Arithmetic Coding Revisited

Alistair Moffat, Dept. of Computer Science, The University of Melbourne
Radford M. Neal, Dept. of Statistics and Dept. of Computer Science, University of Toronto
Ian H. Witten, Dept. of Computer Science, University of Waikato

Over the last decade, arithmetic coding has emerged as an important compression tool. It is now the method of choice for adaptive coding on multi-symbol alphabets because of its speed, low storage requirements, and effectiveness of compression. This paper describes a new implementation of arithmetic coding that incorporates several improvements over a widely-used earlier version (Comm. ACM, 30(6):520--541, June 1987), which has become a de facto standard. These improvements include fewer multiplicative operations, greatly extended range of alphabet sizes and symbol probabilities, and the use of low-precision arithmetic, permitting implementation by fast shift/add operations. We also describe a modular structure that separates the coding, modeling, and probability estimation components of a compression system. To motivate the improved coder, we consider the needs of a word-based text compression program. We report a range of experimental results using this and other models. Complete source code is available.

ACM Transactions on Information Systems, vol. 16, pp. 256-294.

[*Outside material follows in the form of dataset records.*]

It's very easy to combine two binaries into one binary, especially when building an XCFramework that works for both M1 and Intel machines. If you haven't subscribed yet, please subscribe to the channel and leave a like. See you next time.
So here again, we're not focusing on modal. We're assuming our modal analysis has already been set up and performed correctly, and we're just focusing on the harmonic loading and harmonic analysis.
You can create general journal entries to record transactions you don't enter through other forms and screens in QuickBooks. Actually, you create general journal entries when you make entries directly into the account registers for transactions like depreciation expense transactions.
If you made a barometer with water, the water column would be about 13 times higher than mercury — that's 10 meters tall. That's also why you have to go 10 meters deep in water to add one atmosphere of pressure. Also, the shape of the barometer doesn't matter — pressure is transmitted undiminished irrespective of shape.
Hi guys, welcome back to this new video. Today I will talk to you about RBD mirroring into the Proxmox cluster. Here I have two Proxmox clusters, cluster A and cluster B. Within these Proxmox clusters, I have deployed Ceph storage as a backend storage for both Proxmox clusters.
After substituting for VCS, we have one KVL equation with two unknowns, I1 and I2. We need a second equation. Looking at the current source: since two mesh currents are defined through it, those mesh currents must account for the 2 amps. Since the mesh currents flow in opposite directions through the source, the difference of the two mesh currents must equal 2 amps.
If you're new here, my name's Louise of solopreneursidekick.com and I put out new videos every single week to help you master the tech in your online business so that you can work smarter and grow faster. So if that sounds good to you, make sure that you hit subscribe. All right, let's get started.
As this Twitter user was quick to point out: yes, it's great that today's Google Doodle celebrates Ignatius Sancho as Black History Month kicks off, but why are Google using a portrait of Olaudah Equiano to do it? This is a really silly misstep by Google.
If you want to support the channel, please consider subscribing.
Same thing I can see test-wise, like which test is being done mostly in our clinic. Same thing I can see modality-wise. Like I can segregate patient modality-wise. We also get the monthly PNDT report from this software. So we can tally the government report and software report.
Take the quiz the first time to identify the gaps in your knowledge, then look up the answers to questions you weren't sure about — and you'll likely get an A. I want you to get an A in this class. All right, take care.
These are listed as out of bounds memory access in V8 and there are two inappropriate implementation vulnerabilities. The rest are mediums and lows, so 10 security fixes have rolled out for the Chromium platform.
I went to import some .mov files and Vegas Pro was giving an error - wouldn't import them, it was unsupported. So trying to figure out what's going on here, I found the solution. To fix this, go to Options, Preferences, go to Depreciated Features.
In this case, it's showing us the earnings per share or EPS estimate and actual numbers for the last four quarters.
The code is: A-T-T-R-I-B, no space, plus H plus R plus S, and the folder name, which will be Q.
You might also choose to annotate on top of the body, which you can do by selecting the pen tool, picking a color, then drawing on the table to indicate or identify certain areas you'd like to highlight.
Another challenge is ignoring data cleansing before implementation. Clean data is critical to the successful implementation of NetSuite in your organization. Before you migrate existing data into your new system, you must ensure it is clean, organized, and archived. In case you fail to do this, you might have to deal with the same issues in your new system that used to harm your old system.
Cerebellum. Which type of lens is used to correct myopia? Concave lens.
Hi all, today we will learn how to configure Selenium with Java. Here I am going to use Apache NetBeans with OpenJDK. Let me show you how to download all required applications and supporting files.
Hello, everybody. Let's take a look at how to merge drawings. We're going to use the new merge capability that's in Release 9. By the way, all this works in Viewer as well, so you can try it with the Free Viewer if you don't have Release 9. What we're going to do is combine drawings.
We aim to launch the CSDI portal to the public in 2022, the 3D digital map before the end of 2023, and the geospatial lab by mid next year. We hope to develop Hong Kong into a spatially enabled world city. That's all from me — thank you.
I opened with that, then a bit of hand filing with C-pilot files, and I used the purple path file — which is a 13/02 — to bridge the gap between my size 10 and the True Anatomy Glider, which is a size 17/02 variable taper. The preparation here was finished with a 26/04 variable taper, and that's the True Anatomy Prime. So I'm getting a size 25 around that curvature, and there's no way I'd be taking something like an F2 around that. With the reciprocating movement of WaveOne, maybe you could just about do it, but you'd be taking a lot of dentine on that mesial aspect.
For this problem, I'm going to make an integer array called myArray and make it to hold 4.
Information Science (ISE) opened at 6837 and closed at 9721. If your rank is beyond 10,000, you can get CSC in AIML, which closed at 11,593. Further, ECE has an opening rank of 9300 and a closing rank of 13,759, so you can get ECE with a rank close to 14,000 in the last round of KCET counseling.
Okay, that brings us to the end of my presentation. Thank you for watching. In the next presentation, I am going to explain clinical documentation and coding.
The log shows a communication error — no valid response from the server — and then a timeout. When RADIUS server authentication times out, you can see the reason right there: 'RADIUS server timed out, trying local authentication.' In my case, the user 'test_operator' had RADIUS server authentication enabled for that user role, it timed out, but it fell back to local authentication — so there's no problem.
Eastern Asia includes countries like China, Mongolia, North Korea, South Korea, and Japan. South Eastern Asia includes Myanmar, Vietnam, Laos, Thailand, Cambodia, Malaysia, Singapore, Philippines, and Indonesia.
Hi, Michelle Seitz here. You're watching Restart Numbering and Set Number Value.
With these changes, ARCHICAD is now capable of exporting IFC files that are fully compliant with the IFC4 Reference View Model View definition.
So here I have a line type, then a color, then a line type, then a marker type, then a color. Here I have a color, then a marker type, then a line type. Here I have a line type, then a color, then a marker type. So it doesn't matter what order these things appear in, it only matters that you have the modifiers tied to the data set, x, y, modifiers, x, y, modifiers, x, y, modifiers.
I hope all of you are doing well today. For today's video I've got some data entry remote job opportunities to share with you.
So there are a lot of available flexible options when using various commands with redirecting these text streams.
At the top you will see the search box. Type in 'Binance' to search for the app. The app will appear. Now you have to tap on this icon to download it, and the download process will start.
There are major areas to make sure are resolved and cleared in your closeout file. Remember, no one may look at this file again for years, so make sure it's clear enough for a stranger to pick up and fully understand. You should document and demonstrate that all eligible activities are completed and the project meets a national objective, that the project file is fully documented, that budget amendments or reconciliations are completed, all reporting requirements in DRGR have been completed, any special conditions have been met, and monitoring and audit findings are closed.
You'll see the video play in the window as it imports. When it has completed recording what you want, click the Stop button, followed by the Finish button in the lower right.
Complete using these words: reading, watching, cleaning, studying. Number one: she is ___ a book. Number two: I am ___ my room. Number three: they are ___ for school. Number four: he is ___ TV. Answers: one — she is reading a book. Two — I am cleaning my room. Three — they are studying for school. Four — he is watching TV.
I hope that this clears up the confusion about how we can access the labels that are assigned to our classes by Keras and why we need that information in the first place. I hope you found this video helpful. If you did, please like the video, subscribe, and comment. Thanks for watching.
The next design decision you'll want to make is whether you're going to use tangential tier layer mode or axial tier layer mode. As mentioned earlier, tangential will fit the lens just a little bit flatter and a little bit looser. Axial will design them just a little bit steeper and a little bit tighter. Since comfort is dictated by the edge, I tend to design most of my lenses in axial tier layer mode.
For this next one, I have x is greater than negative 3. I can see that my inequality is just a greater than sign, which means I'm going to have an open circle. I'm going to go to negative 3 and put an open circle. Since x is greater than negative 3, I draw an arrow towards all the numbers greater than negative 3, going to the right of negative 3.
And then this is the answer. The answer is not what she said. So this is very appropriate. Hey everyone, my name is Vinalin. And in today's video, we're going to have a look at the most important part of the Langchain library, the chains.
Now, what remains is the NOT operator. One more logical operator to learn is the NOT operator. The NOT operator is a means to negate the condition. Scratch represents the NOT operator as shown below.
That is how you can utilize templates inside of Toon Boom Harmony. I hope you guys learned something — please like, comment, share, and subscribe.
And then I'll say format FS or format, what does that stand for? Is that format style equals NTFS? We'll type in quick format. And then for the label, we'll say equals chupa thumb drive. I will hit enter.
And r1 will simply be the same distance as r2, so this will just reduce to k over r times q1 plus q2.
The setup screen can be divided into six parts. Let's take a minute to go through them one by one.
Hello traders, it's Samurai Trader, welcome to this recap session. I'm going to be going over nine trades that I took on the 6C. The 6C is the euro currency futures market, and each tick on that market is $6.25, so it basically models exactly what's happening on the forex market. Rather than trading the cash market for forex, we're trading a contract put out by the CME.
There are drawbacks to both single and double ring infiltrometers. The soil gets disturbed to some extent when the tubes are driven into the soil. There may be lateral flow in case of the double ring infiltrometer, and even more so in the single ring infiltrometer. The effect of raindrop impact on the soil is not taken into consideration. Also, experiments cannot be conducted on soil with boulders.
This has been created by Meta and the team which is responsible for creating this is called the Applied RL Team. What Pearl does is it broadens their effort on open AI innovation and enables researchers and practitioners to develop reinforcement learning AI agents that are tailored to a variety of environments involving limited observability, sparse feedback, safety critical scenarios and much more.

There is software available on-line that implements the method described.

Associated reference: A preliminary and condensed form of this paper appears in the following conference proceedings:
Moffat, A., Neal, R., and Witten, I. H. (1995) ``Arithmetic coding revisited'', in J. A. Storer and M. Cohn (editors) Proceedings of the Fifth IEEE Data Compression Conference, pp. 202-211, Los Alamitos, California: IEEE Computer Society Press.